--- EXERCISE DATA Enclosed Below ---
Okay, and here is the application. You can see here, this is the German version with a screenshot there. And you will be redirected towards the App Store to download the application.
--- End of Enclosed EXERCISE DATA ---
--- EXERCISE DATA Enclosed Below ---
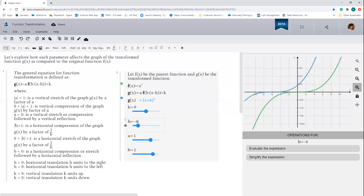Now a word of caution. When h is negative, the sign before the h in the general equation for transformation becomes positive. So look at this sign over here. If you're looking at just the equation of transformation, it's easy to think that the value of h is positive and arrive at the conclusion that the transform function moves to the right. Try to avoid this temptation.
--- End of Enclosed EXERCISE DATA ---
--- EXERCISE DATA Enclosed Below ---
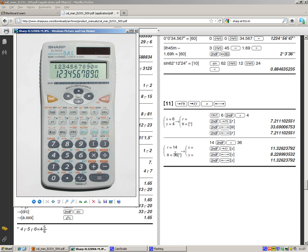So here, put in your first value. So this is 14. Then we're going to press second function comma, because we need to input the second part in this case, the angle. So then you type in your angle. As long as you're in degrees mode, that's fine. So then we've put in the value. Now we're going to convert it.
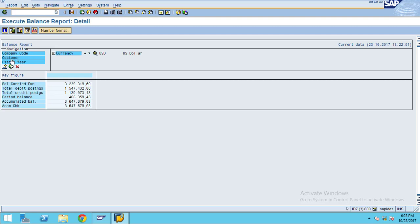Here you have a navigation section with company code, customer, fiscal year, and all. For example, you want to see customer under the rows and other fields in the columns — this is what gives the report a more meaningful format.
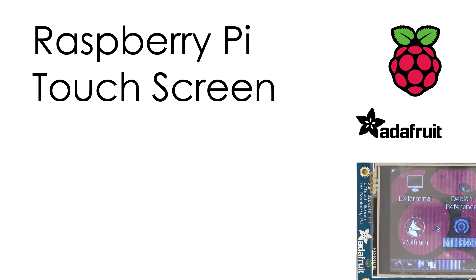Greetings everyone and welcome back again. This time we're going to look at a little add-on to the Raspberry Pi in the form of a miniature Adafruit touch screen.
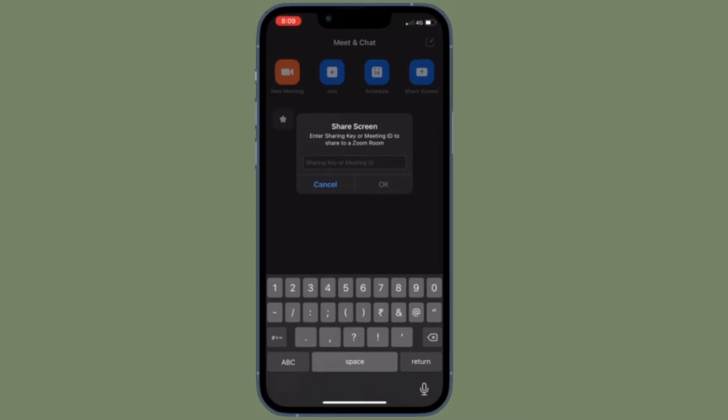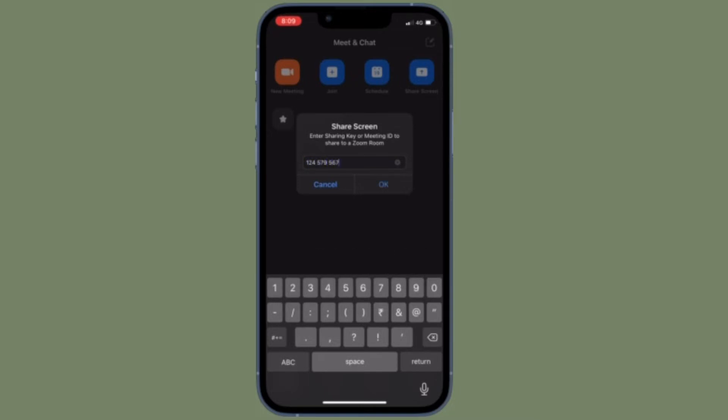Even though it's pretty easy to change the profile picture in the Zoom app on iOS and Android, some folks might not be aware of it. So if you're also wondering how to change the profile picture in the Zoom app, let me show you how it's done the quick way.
--- End of Enclosed EXERCISE DATA ---
▸ EXERCISE: Exact copy, pictures excluded: every line above from the one containing "Greetings everyone and" to the one containing "Even though it's", inclusive, and nothing more.

▸ RESPONSE TO THIS TASK:
Greetings everyone and welcome back again. This time we're going to look at a little add-on to the Raspberry Pi in the form of a miniature Adafruit touch screen.
Even though it's pretty easy to change the profile picture in the Zoom app on iOS and Android, some folks might not be aware of it. So if you're also wondering how to change the profile picture in the Zoom app, let me show you how it's done the quick way.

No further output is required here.